At the time, McHale was expecting to send even more electricians to additional Ørsted manufacturing sites planned for Tradepoint Atlantic (TPA), while another company, US Wind, had announced plans to build the steel bases, called monopiles, that hold offshore wind turbines upright. In total, the future projects, plus an additional steel plant—full of wiring and heavy machinery that must be maintained—would need “at least 50 electricians right off the bat,” McHale figured. “And that’s just the onshore portion.”
Between them, Ørsted and US Wind had plans to develop three wind farms off the coast of Maryland.

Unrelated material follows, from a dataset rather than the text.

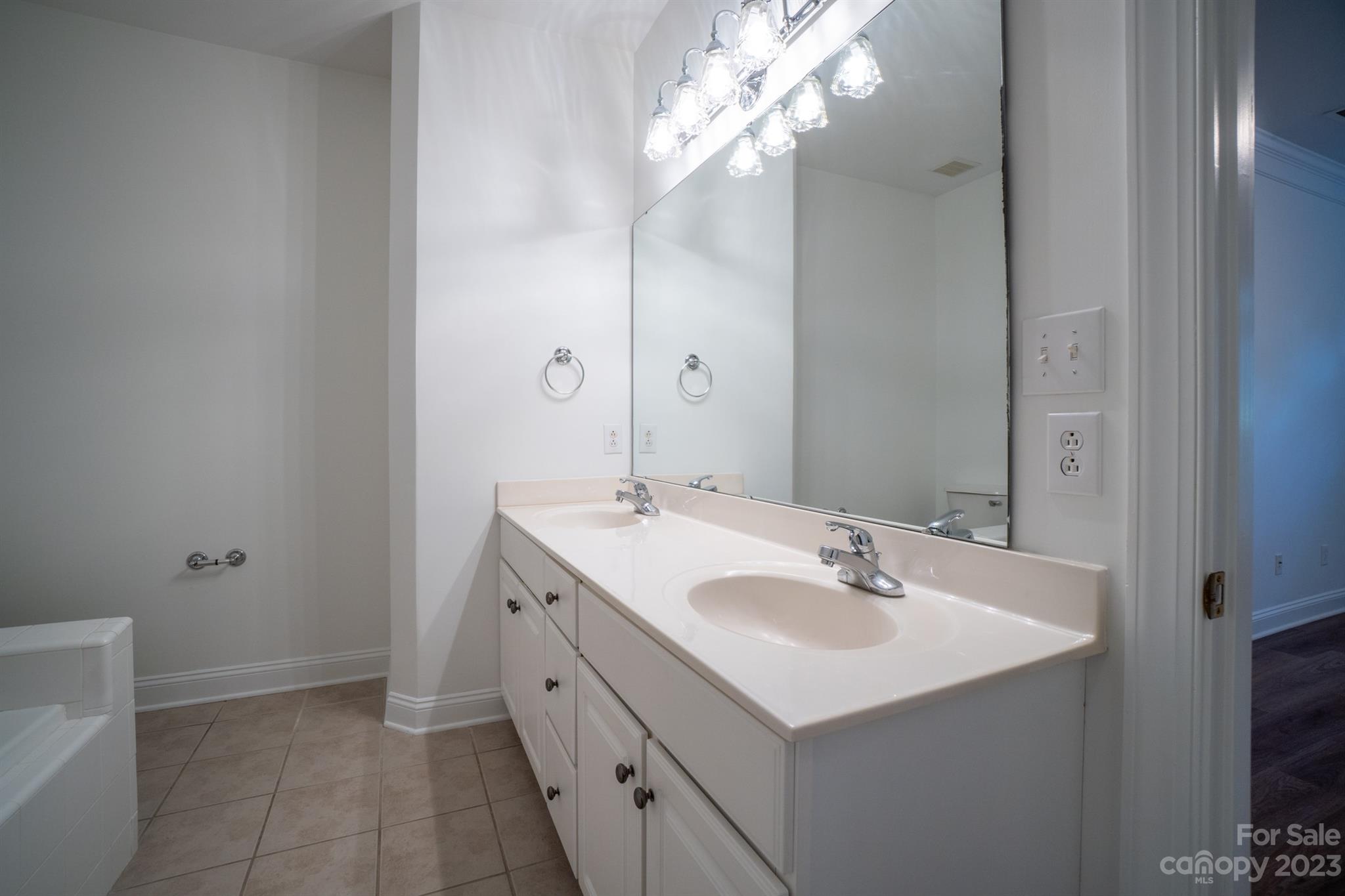 Legacy at Davis Lake - Residential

The projects would create thousands of jobs for those in the trades. They would be crucial to meeting Maryland’s ambitious offshore wind goal, set when Democratic governor Wes Moore signed the Promoting Offshore Wind Energy Resources (POWER) Act into law in April 2023. Under the law, the state committed to producing 8.5 gigawatts of offshore wind power—enough to keep the lights on in 3 million homes. All told, it would account for over a quarter of the Biden administration’s offshore wind power target: 30 gigawatts by the end of the decade. By fall 2023, industry leaders and advocates in Maryland were talking about offshore wind like it was an inevitability, a modern-day gold rush.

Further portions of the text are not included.